只听小虾又问:“夜深露重,海风又大,两位哥哥为何不白天来?”
男一又说:“据说这三公主貌丑无比,白日不敢现身,只在夜间出没……”
话未完,一声清朗的吟啸携着呜呜风声自海面飘来,激起数丈浪高,翻白的浪花托起一条银色的巨龙。
男一男二忍不住面面相觑:咆哮一声,北海的水便会窜起数丈高的浪来,这世间果真有龙的存在吗?他们不过是路过来看看而已,并不相信世间有什么北海三公主的。
白花花的浪沉寂下来,化身为龙的凤隐说:“那你有没有听说这位三公主心性大变之后,专挖长舌男的心肝。”
男一男二掩面遁逃。
凤隐又化成人形,嗤笑了一声,慢慢步入海底。她直接去找的红贞,没办法,雪涯跑了,她还得托青鸟守在结界处守株待兔。
青鸟仍是不大愿意,临行前,凤隐嘱咐说:“离结界远点,以免被邪气所伤。”
青鸟哼了一哼,慢腾腾地飞去。
这鸟好大的脾气。
凤隐回到玉烛殿,阿暖早已睡下。因为夜明珠太亮怕影响到孩子睡眠,床头只点了一盏晕黄的小灯,奶娘趴在案上小憩,听到动静清醒过来,站起来道:“三公主可算回来了,小殿下一直见不着您哭闹了半宿,这不,哭得累了才睡下。”
凤隐嗯了一声道:“你下去歇息吧。”
奶娘乖顺地退下。凤隐坐在床沿发呆了许久,突然想起什么似地走到案前提笔写下一封信。信的内容很简单,就是提点沧尧要提防雪涯,至于他信不信就不关她的事了,反正她仁至义尽。
第二日她派虾兵将这封信送到了遣云宫,猛然又想起天界与魔界交界处的那股邪气,心里隐约觉得怪异,便将这情况同北海龙王提了一提。
北海龙王沉吟:“佛祖法力无边,有他亲加的封印,应该不会出现什么意外。”
“生于忧患,死于安乐,还是谨慎为妙。

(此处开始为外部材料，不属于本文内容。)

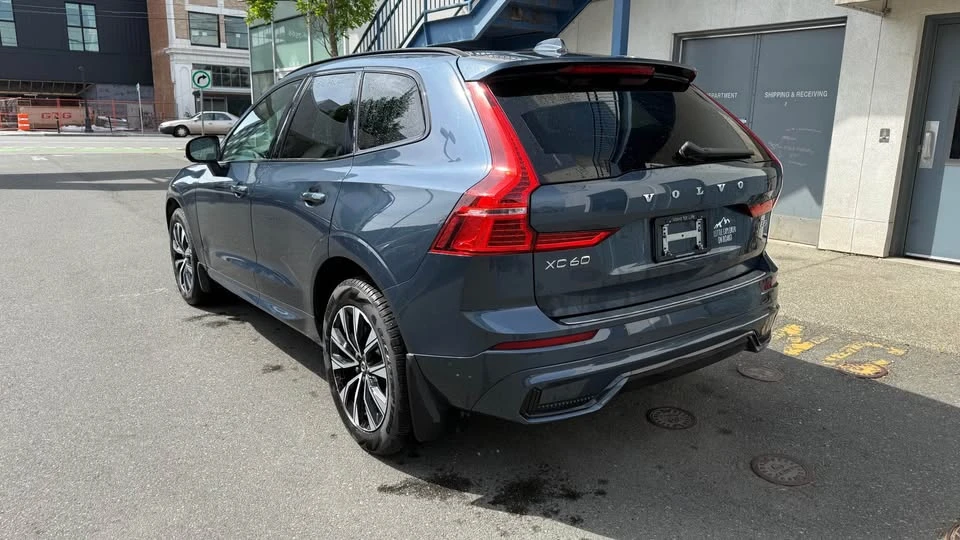 2024 Volvo XC60 2nd Gen - Image 4 of 17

”
北海龙王又沉吟了会儿,拟了份奏折,将此事传达到天庭。
天帝阅览后很是夸奖了一番,派出座下几个仙使前去巡视了一番,并有加了几道封印,这些幽冥注定一辈子翻不了身。
而凤隐写给沧尧的那封信,他隔了许久才回复,只有寥寥三字:“知道了。”平平淡淡听不出半点喜怒。
第80章 鸳鸯瓦冷霜华重
十日之期终于来临,凤隐从来没有天真地以为沧尧会把雪涯交出来,但本着想知道沧尧会如何替雪涯脱罪,而她也想知道自己的心里承受能力有没有变得强大。所以她一大清早起来由着鲛人服侍,穿了很正经很体统的衣裳准备去遣云宫。
不料在北海边上听到了上邪的声音:“我要见你们三公主。”
上邪此刻被北海的虾兵蟹围住,一只蟹将不卑不亢地说:“殿下,虽说神魔两族和平已久,但终于不是同一族类,我们北海不敢私自接见。殿下若是因为公事还上九重天,若是因为私事就请殿下回去。”
上邪显然被气得不轻:“我翻手便可倾覆北海,你们这群乌合之众奈何得了我么?”
闻言,北海的“乌合之众”纷纷蠢蠢欲动,大有干一架之势。
凤隐本想避开的,但眼看双方剑拔弩张,她不得已站出来道:“你们都退下。”
虾兵蟹将们回头一看是凤隐,都噤了声,纷纷退开让出一条道来。
上邪转过身来,眼角眉梢皆是满满的笑意:“隐儿,瞧,我这是给你登门谢罪来了。”
凤隐没有看他,目光转向站在上邪身后的姑娘。姑娘被五花大绑,背上负了几根荆条也不稀奇,头垂得低低的,看不清模样,就是她身上的白衣有些眼熟。可天底下那么多爱穿白衣的姑娘,眼熟很正常。
凤隐屏退了闲杂人等,与上邪道:“我以为你行事虽不择手段了些,到底还有几分担当。现在却连一点担当都没有。你以为随手绑了一位姑娘,再让她负上几根荆条代你负荆请罪就完事了?”
“这可不是我随手绑来的,这是雪涯,她换了副漂亮的肉身,可能你认不出来,但她千真万确是雪涯。”说到此处,上邪毫不怜香惜玉地抬起那姑娘的下巴。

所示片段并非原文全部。